Bremer was the wrong man at the wrong time, but his dissolution of the army merely confirmed fact: Tens of thousands of Iraqis conscripted by Hussein had abandoned their uniforms weeks before. Top-level officers were complicit in gross human-rights violations. Mid-level officers? Bremer recruited them to staff the new Iraqi security forces. There were mistakes, though. Before the war, the U.S. State Department stymied plans to train a vetted Iraqi officer corps to take charge of the army and maintain postwar security. Training Iraqis to maintain security, they argued, would undercut diplomacy.
Condemning de-Baathification is also counterproductive. The Baath Party's ideological roots lie in World War II Fascism. While many of the two million members joined only to qualify for jobs, de-Baathification affected only the 40,000 complicit in abuse. The idea that de-Baathification hampered reconstruction is false. Under Hussein, promotions were not based on ability, but on loyalty. That Iraqi schools and hospitals had become so decrepit was the result of poor management. Don't blame sanctions: Iraq had billions to spend on food, medicine and infrastructure, but chose instead to build palaces and prisons.
While it's fashionable to say de-Baathification caused the Sunni insurgency, in reality, terrorist violence is proportional to that policy's reversal. In order to maintain security after the April, 2004, siege of Fallujah, the Coalition restored former Baathists. Car bombings increased 300 percent within a month. In Mosul, once deemed a model city of reconciliation, General David Petraeus appointed senior Baathist General Mohammed Kheiri Barhawi to be Police Chief. Petraeus' decision was a triumph not of pragmatism, but of na´vetÚ. Barhawi provided intelligence, equipment, and arms to terrorists, finally handing over every police station in the city to the insurgents in November, 2004.
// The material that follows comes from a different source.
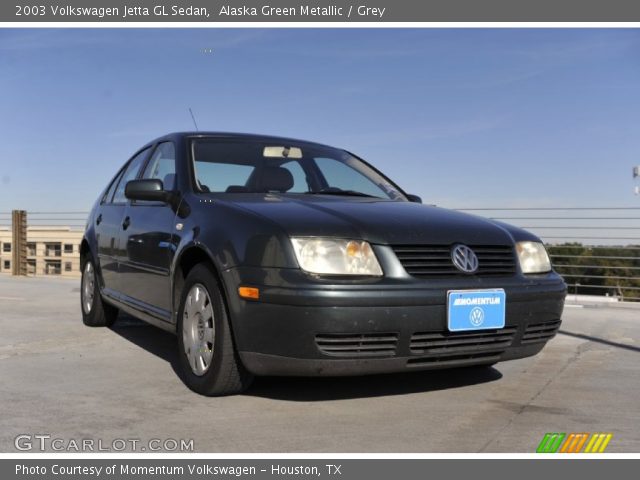 2003 Volkswagen Jetta GL Sedan in Alaska Green Metallic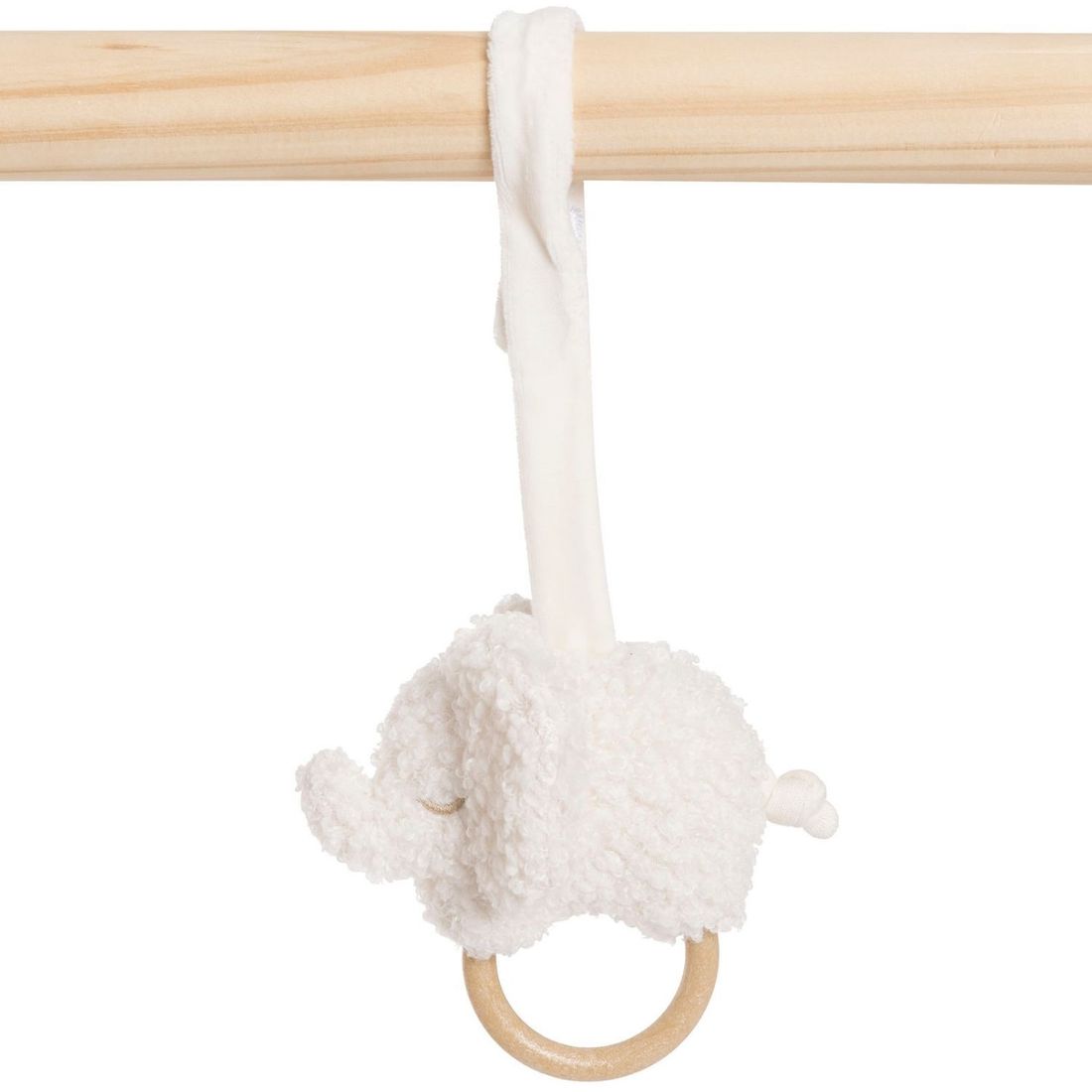 Lot de 3 jouets pour arche d'éveil Elephant Tales (Jollein) - Image 6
Far from winning the hearts and minds of Iraqis, re-Baathification antagonized them. Not all Iraqis had joined the party, and the refuseniks suffered for their morality. Non-Baathist PhDs could not even work as schoolteachers and had to beg for food. After Saddam Hussein's fall, they joined schools in droves, eager to rebuild their country. Re-Baathification meant firing competent new teachers to reinstall corrupted predecessors who, as the Baath Party archives show, had created blacklists of 14-year-old students under their charge.
Realists may say foreign policy should be centered on U.S. interests, not justice. Here, too, though, re-Baathification has failed. It has not assuaged insurgency. Not only does offering concessions to violence encourage violence, but also, by extending an olive branch to unrepentant Baathists, diplomats may have furthered Iranian influence and worsened militia violence. Many Iraqi Shiites distrust Washington, not for occupying Iraq in 2003, but for failing to do so 12 years earlier, when the Shiites rose up to oust Hussein, only to suffer retaliatory massacres. It should not surprise that Iraqi Shiites look at U.S. outreach to Baathists as a sign that the younger Bush will betray them, just as his father once did.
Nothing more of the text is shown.